'''

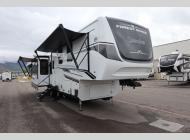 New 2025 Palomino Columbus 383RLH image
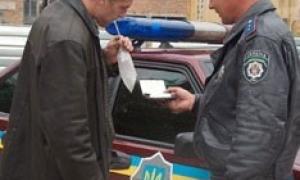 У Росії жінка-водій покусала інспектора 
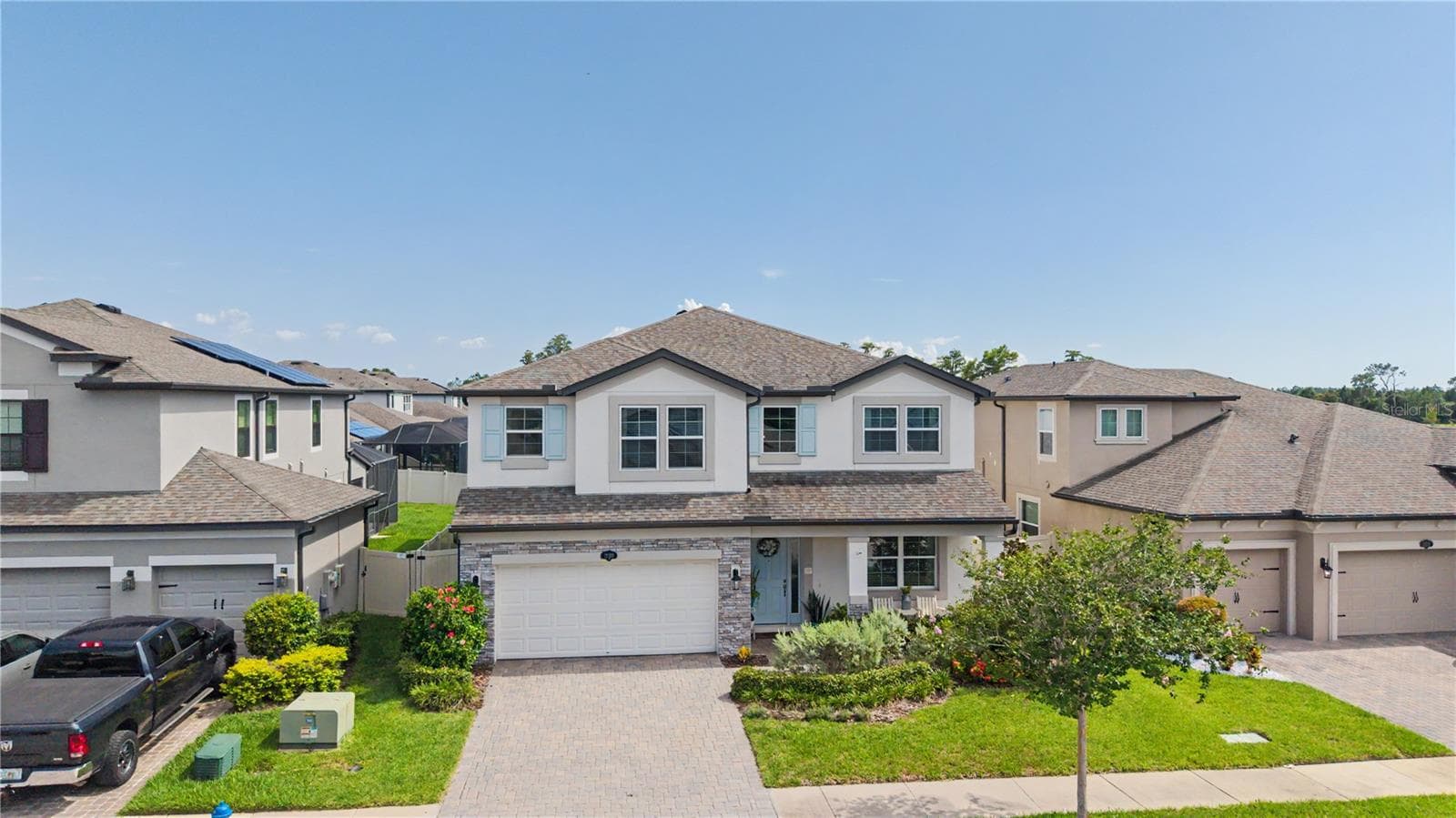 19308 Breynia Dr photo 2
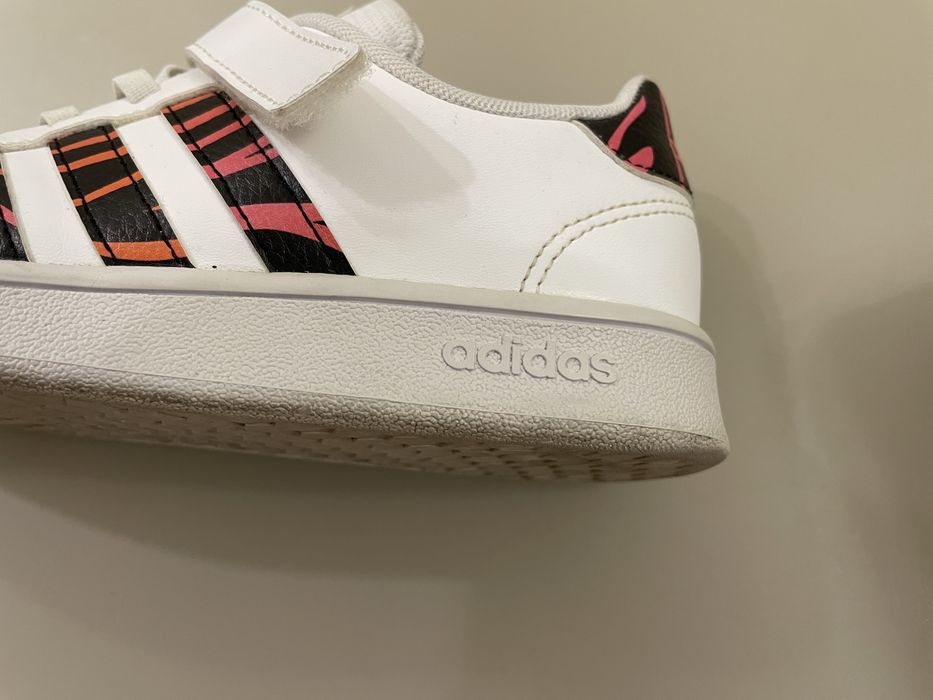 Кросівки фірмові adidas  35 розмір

'''
'''

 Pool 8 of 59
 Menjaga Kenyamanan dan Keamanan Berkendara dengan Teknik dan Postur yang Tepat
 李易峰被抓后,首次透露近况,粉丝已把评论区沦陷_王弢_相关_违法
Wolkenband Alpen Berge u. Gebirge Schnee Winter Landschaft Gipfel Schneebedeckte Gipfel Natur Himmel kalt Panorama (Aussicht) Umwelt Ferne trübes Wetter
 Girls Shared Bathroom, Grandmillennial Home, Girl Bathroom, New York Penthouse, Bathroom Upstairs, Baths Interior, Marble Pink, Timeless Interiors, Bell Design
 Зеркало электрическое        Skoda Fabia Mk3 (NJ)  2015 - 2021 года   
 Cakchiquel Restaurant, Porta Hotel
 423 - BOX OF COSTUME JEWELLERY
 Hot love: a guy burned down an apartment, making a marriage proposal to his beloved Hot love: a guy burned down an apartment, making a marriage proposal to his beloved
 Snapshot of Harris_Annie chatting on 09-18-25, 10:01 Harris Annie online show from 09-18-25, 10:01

'''

> **What is being asked**
Copy out exactly the lines above beginning with the line that contains "New 2025 Palomino Columbus 383RLH image" and finishing with the line that contains "Кросівки фірмові adidas", including both; leave the pictures out.

> **Answer for the task**
 New 2025 Palomino Columbus 383RLH image
 У Росії жінка-водій покусала інспектора 
 19308 Breynia Dr photo 2
 Кросівки фірмові adidas  35 розмір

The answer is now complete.